Systemic infection by plant viruses results from the complex molecular interplay between the host plant and the invading virus [
1]. To establish systemic infection, plant viruses must have the ability to generate progeny viruses in the primarily infected cell, move from therein to neighboring cells and further transport long-distance within the plant. Viral cell-to-cell or local movement mainly occurs in mesophyll and epidermal cells through plasmodesmata (PD), a specialized intercellular organelle that crosses the cell wall to establish cytoplasmic and endomembrane continuity between adjacent cells [
2], whereas the phloem-dependent long-distance transport allows the virus to reach remote tissues through the vascular system [
3]. Currently, it is generally accepted that viral intercellular movement is mediated by virus-encoded movement protein (MP) [
4], although the number of MPs, their interactions with host cellular structure and mode of action are different from virus to virus.
Potyviruses represent the largest group of known plant viruses and include many agriculturally important viruses such as
Turnip mosaic virus (TuMV),
Plum pox virus,
Tobacco etch virus (TEV), and
Soybean mosaic virus [
5]. The potyviral genome is a single positive-strand RNA and encodes a long polyprotein that is processed by three proteinases (P1, HC-Pro and NIaPro) to release 10 mature proteins [
5]. A frameshift resulting from replication slippage in the P3 cistron leads to the production of an additional protein P3N-PIPO [
6‐
8]. Although five viral proteins, i.e., the cylindrical inclusion protein (CI), the coat protein (CP), the helper component proteinase (HC-Pro), the viral genome-linked protein (VPg) and P3N-PIPO have been implicated in viral intercellular movement, CI seems to play a direct role in viral cell-to-cell movement [
3,
9].
Previous studies have shown that potyviral CI is an RNA helicase [
10]. As highly conserved enzymes, RNA helicases can utilize ATP to catalyze the separation of RNA duplexes and the structural rearrangement of RNA and RNA/protein complexes (ribonucleoprotein (RNP) complexes) in all aspects of RNA metabolism, from transcription, mRNA splicing and translation, RNA modification and transport, ribosome biogenesis, RNP complex assembly to mRNA degradation [
11,
12]. RNA helicases are present in all eukaryotic cells as well as many bacteria and some viruses [
13]. Based on sequence and structural features, RNA helicases are classified into five main groups, namely, superfamily (SF) 1 to SF5 [
14]. The potyviral CI RNA helicase belongs to SF2 and contains seven highly conserved motifs, I, Ia, II, III, IV, V, and VI. Motifs Ia, III, and IV are the least conserved, whereas motif IV as well as motifs I, II, and V are the best conserved [
15]. The helicase domain of the CI protein is located at the N-terminal and central region. The C-terminal region shows no homology with any known proteins. Genetic analyses conducted with a TEV full-length infectious clone tagged with the marker gene encoding b-glucuronidase (GUS) provided genetic evidence that the CI protein plays an essential role in viral genome replication and cell-to-cell movement [
3]. Consistent with the genetic data, CI has been found to be present in the viral replication complex, presumably assisting viral genome amplification through its RNA binding and duplex unwinding activities [
16,
17]. CI also interacts with CP in the cytoplasm [
9,
18] and forms the conical structures at PD [
9,
19,
20]. Recently we have shown that P3N-PIPO is a PD-located protein that modulates the targeting of CI to the PD to facilitate potyviral cell-to-cell movement [
9]. The structure and function of potyviral CI have been reviewed recently [
21]. Despite this progress, the mode of action by CI and its underlying mechanism in the potyviral infection process are still far from being understood.

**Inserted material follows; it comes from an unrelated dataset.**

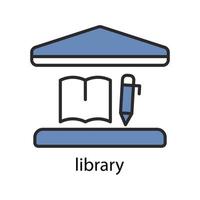 icono de biblioteca. diseño de color de línea de dos tonos. trazo editable. vector de plantilla de diseño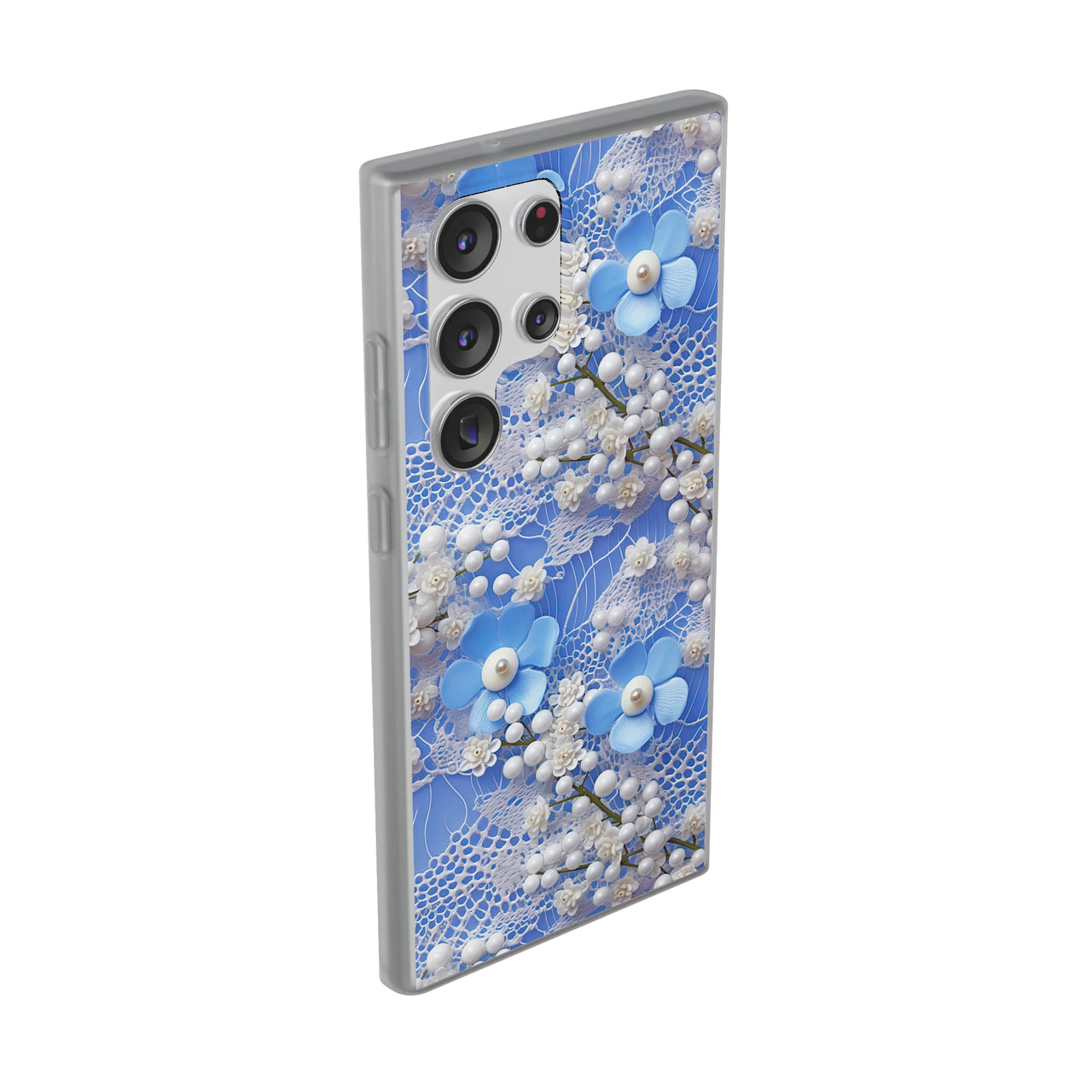 Pearls and Lace on Baby Blue - Flexi Cases for Samsung Galaxy S23, Samsung Galaxy S23 Plus, and Samsung Galaxy S23 Ultra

In this study, we generated a serial of double-substitutions at the clustered charged residues of the CI protein of TuMV and analyzed the effect of these mutations on viral genome amplification, cell-to-cell movement and systemic infection. Our data support that the potyviral CI protein has essential, yet distinct roles in viral replication and intercellular movement.